In lieu of hard information, Washingtonians resort to reading the tea leaves. On Friday, Mr. Malley’s Twitter handle, @USEnvoyIran, was taken over by his former deputy, Abram Paley. “The Office of the Special Envoy for Iran and the entire team at the State Department remain engaged in implementing our policy on Iran,” Mr. Paley wrote. Is he now in charge?  

Yet, however accurate, the Iranians do provide hard information. “The Iranian regime knows more than Congress about Rob Malley’s suspension because that’s who Malley and his network of propagandists talk to,” a senior Republican congressional staffer tells the Sun. 
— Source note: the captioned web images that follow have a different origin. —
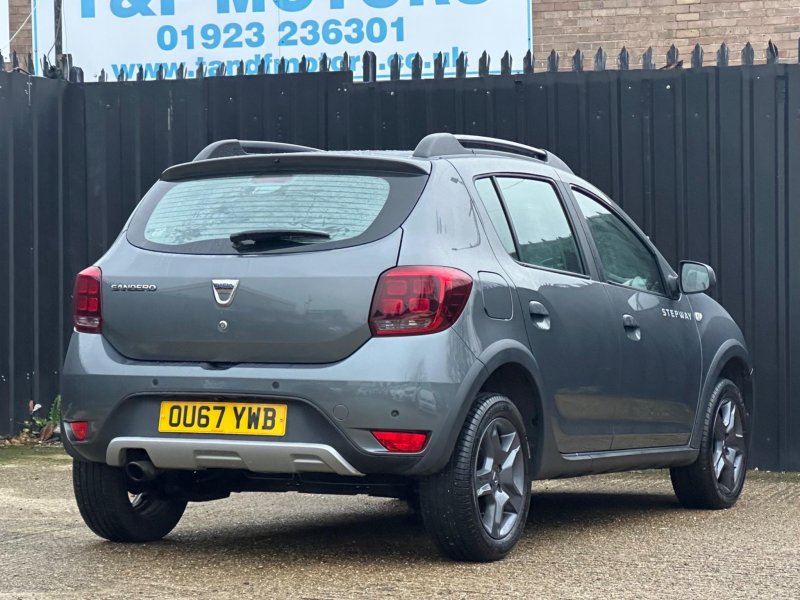 DACIA SANDERO STEPWAY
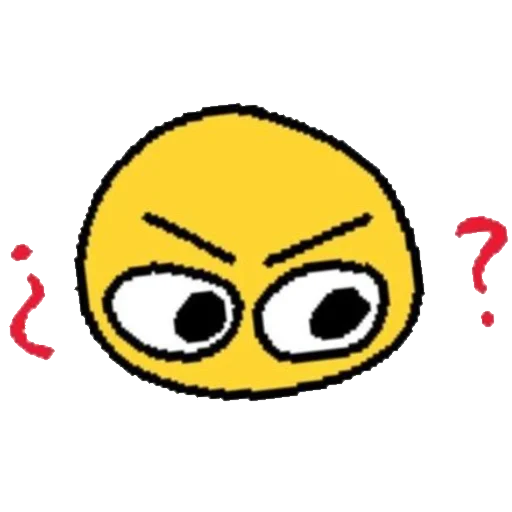 🤔 Стикер «cool emoji» для Telegram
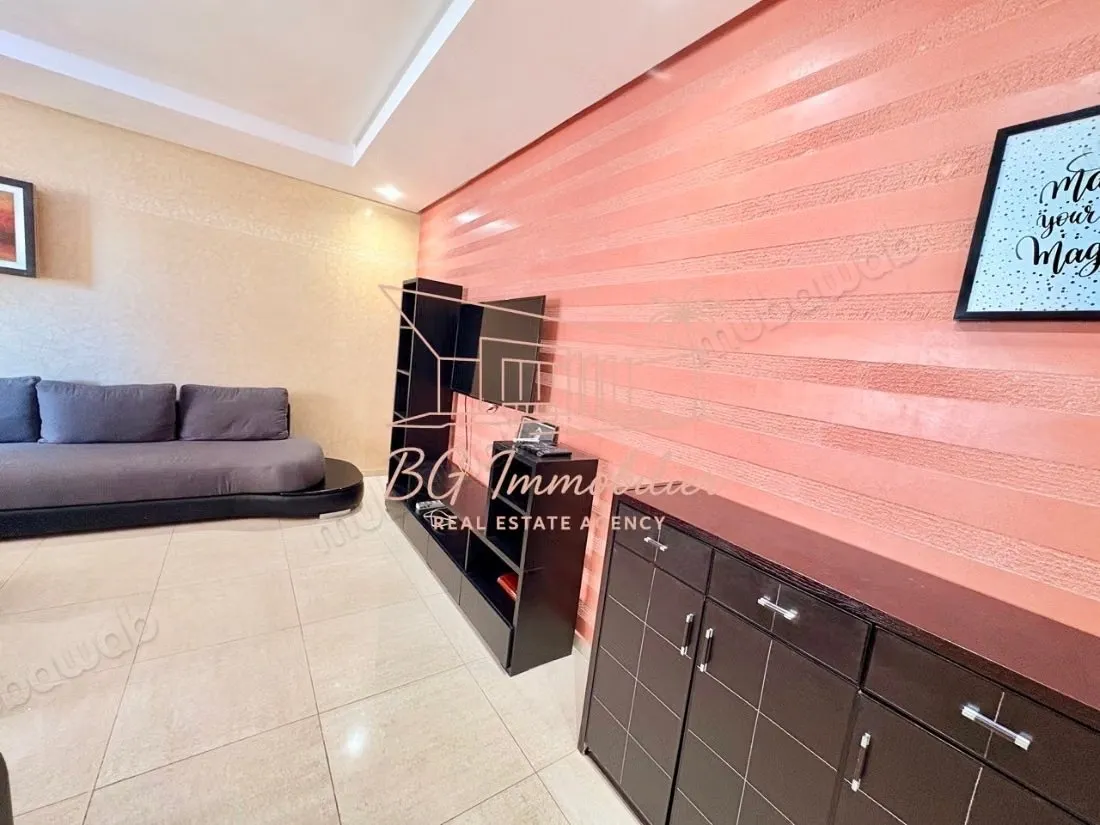 Spacieux appartement meublé résidence Piscine - أكادير (3)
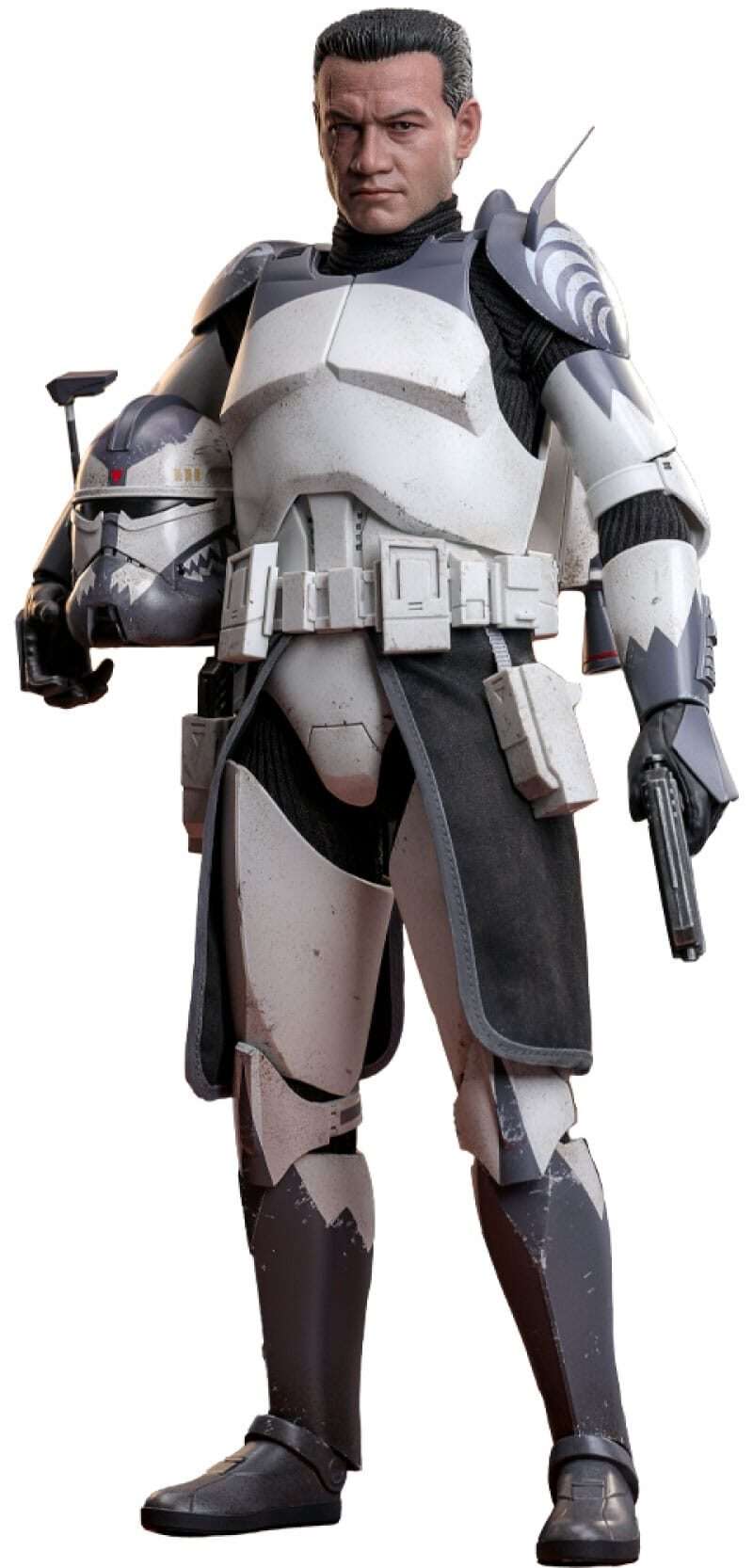 Star Wars: The Clone Wars Action Figura 1/6 Clone Commander Wolffe 30 Cm Hot Toys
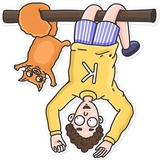 Kay and Kat WhatsApp Sticker #2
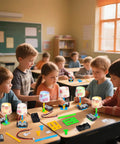 Eight Independent Electric Light Circuit Science Kits For Kids Ages 8 To 12, Easy To Assemble, No Tools Needed, Hands On STEM Fun With Step By Step Guides, Kid Tested And Classroom Or Home Ready.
“Malley built his career working with the Iranians while misleading Congress and the American people,” the staffer said. “So of course that’s what he and the administration are doing now — except this time it seems to be part of something criminal.”

The chairman of the House Foreign Affairs Committee, Robert McCall, has demanded a detailed state department briefing on Mr. Malley’s apparent dismissal by July 25. “I can’t tell you how important this is,” he told CBS. “Because if he somehow, you know — worst case scenario — transferred intelligence and secrets to our foreign nation adversary … that would be treason in my view.”

CBS sought answers from Mr. Biden’s national security adviser, Jacob Sullivan, who said merely that Mr. Malley “has served multiple administrations faithfully and well. He is a public servant. He is a diplomat. He is engaged in high-level, high-stakes diplomacy for a long time. And he’s someone who a lot of us, including myself, have deep respect for.”

Yet, Mr. Sullivan added, “I can’t speak to the current circumstances. I have to refer you to the state department on that.” The department’s spokesman, Matt Miller, has consistently cited “privacy” concerns to explain the refusal to detail the facts of the case to Congress. 

All of which makes the Tehran Times’s reporting newsworthy. So much so that Washington sources are beginning to suspect that someone — whether it would be at the state department, the White House, Mr. Malley himself, or perhaps one his close allies mentioned in the website’s article — would rather brief a pro-regime outlet than our own press. 

“My first reaction reading anything in the Iranian media is skepticism. Yet, the level of detail in the Tehran Times is highly suspect, and it raises concerns,” a policy director at United Against Nuclear Iran, Jason Brodsky, tells the Sun. 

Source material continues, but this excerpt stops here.